The Dalish have now been demoted to the low life of mage prejudice. Did you not get what I said above? In Maevaris' clan they had one too many mages so the solution was to abandon the youngest and leave her to fend for herself at 7 years' old. I don't care that not every clan does this. I feel it is inconceivable that any clan does this and it is clearly common enough practice if Vivienne holds it up as an example of how the Dalish "sensibly" believe that mages should be controlled. And the fact is that it doesn't make any sense at all in view of the fact that the Keeper is always a mage, the Keepers govern the clans and are considered to be closest to their ideal of what an elf should be because of the fact that they can do magic. If this is done because they fear demons or want to appease the Chantry, why don't they take them to the nearest Chantry and leave them there? Yes, Zathrian did blood magic and the Dalish are prejudiced against humans: I am not saying they are perfect but on the whole any civilised society condemns those that ill treat children and this is betrayal of children at its worst level, like that of abandoning children who are handicapped or the wrong sex.
We've seen Dalish elves (not "the" Dalish, since they don't have a hive mind even if they have a pretty monolithic culture) do some terrible things. Marethari, for example, turned the entire clan against her foster daughter essentially out of spite, and it led to Pol running away from Merrill as if she was poison. That's just as perverse as leaving a young child to die out in the woods. Zathrian, aside from perpetrating his blood curse across innocents for generations, allowed his own people to unwittingly die at the hands of the werewolves he created just to cover up his lie, and to boot tried to take advantage of the blight to cover up his sin.
Regardless of your view of the individuals making up the Dalish clans, their Keepers have not always made the morally proper choice. They've done some terrible things, and in circumstances where there was absolutely no need to do it. Even if the was such a 3-mage rule, what the child-abandoning Dalish did in DA:I could easily be attributable to the same sort of flawed dictator that Marethari and Zathrian were in DA2 and DA:O respectively.

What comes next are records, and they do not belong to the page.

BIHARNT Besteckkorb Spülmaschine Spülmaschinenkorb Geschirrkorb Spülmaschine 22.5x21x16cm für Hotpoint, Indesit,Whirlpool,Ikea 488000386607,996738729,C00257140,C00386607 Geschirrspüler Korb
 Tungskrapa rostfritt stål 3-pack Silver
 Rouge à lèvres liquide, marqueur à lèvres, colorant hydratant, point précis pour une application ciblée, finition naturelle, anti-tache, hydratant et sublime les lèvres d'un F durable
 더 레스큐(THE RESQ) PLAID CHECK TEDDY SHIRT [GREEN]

If, as had always been claimed, the Dalish believe that when they remember what it is to be a true elf and recover enough of their culture, their gods will return to them, would they really risk endangering that relationship by effectively killing off their most precious clan members, that according to their beliefs the gods would most approve of? Granted the writers can do what they like with their lore but at least let the damn lore make sense. That is why I feel this has been done more to put the Dalish on a par with the Chantry and the Qun concerning how they view magic and mages, so no one comes out as being better than any other and why I find it so hard to reconcile it with the previous games I have played.
Even if all of the Dalish abandon every mage child over their quota of 3, they would still be moral paragons compared to the Qunari, whose abuse of mages is by about three inches from satisfying the definition of genocide, and the Chantry/Circles, which depending on which Circle you are talking about starts veering into crimes against humanity territory.
If the intention on Bioware's part was to disparage the Dalish and bring them down to the level of the other factions, they didn't do a very good job of it.
But more than that, I think people are confusing the veneration of magic, mage leaders and mages generally. Mages aren't "precious" to the clan in the divine sense. Their precious to them like Ironbark is precious, at least based on the codex about mage trading.